Но как ни искажался в печати смысл великого перелета из СССР в Америку, скрыть действительность не удалось. Многие тысячи американцев собственными глазами увидели замечательную советскую технику. Трезвая оценка значения перелета проскользнула и в печати США. Американская газета «Геральд трибюн» писала 31 октября 1929 года: «…Вместо крушения, как ожидали благочестивые антибольшевики, самолет великолепно перелетел из России через Берингово море, летел со скоростью 110 миль в час. Этот полет должен заинтересовать наших банкиров, до сих пор глупо покупающих русские царские обязательства и обязательства Керенского».

Перелет «Страны Советов», вписавший еще одну славную страницу в историю советской авиации, вызвал скрытое недовольство не только в США, но к в других буржуазных странах. Американские, английские и французские капиталисты стремились овладеть воздушными путями над Атлантическим океаном. В этой борьбе принимала деятельное участие и Германия.
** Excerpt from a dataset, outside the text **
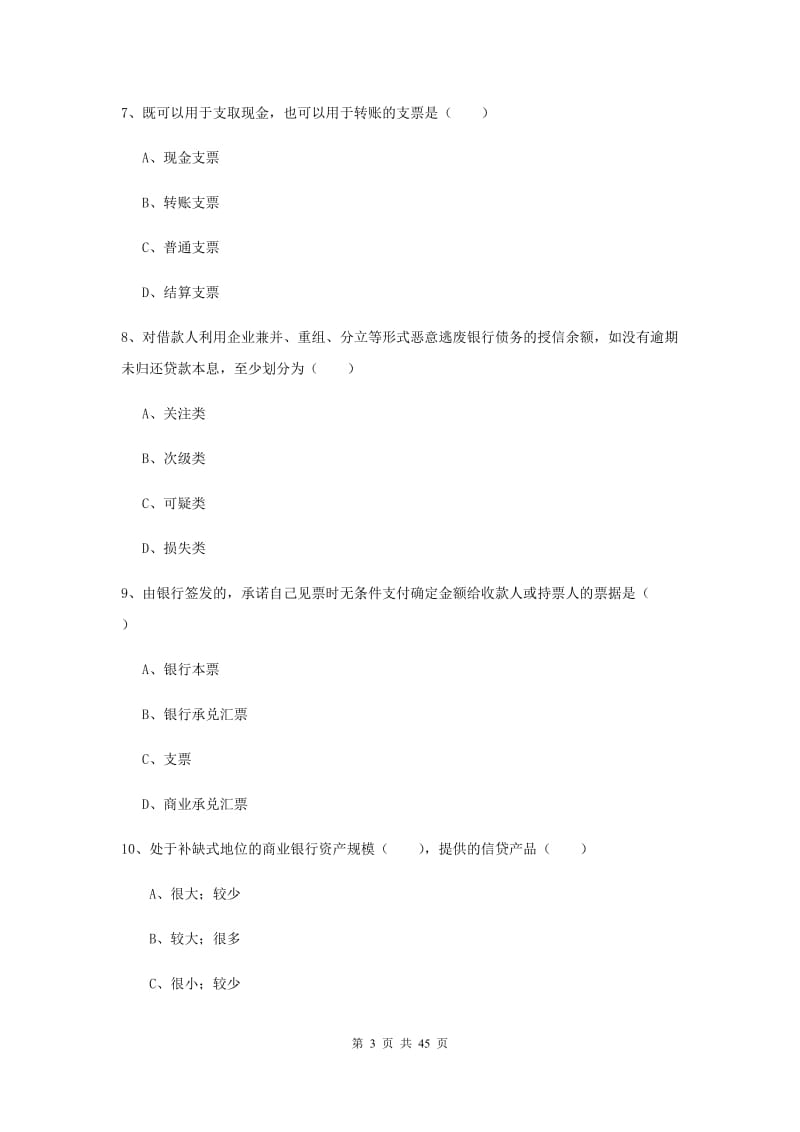 初级银行从业资格考试《银行管理》综合练习试卷B卷.doc_第3页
На немецких заводах строились мощные многомоторные самолеты, громадные океанские дирижабли типа «Цеппелин».

Империалисты выступали против Советского Союза единым, открыто враждебным фронтом. Они видели для себя смертельную опасность в экономическом и культурном подъеме социалистического государства и не жалели средств на борьбу с ним.

Между тем Советский Союз продолжал итти своим путем. В стране уже существовал крепкий фундамент для непрерывного развития тяжелой индустрии, перевооружалось на базе новой техники народное хозяйство. Немало препятствий было на пути, но советские люди под руководством Коммунистической партии успешно преодолевали все трудности.
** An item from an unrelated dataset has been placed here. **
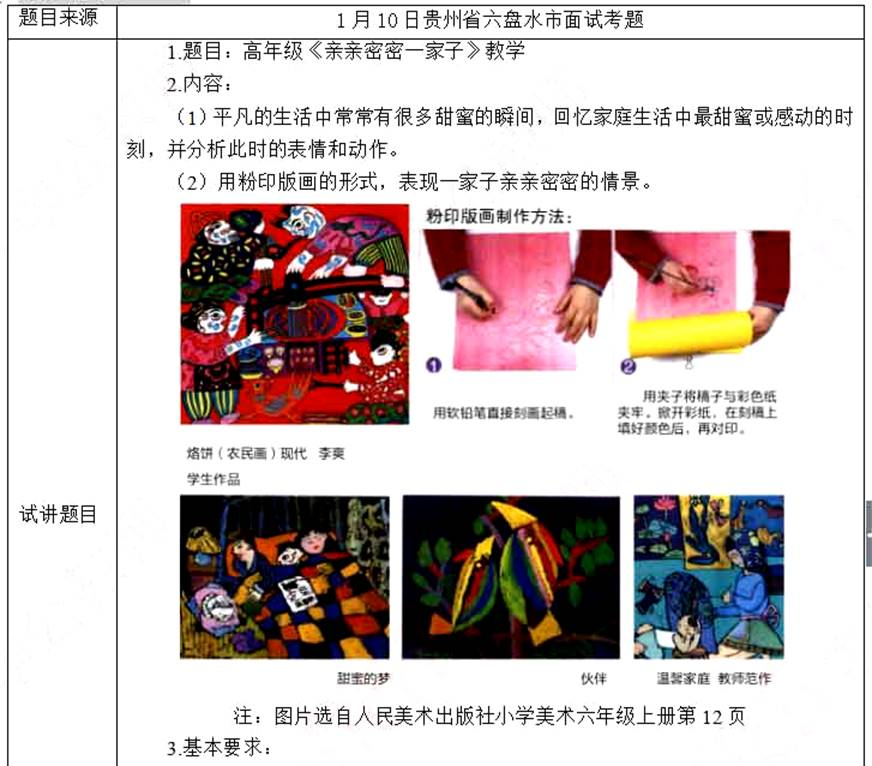 幼儿中小学面试,历年真题,教师资格证考试《小学美术专业面试》真题汇编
В план первой пятилетки было включено и создание мощной авиационной промышленности. Предстояло не только увеличить производство самолетов для обороны страны и ее хозяйственных нужд, но также догнать и перегнать авиационную технику капиталистических стран.

И снова Чкалов с огорчением думал, что пройдет год-другой, и он совсем превратится в «воздушного извозчика», забудет фигурный пилотаж. А в эскадрилье, наверно, уже есть новые машины, быстрые, верткие, летное мастерство советских авиационных кадров растет…

В августе 1930 года Чкалов ушел из Осоавиахима и отправился в Василёво отдохнуть в родных местах. Там его опять ждали купанье, рыбалка, мирные беседы на берегу у костра…

Месяц прошел незаметно. Отдых на Волге освежил Валерия, дал ему силы для новой борьбы. Прощаясь с отцом и Натальей Георгиевной, он твердо заявил:

– За меня не беспокойтесь. Я своего добьюсь!

Из Москвы Ольга Эразмовна получила от него радостное письмо: Валерий вернулся в военную авиацию, поступил в Научно-исследовательский институт Военно-Воздушных Сил (НИИ).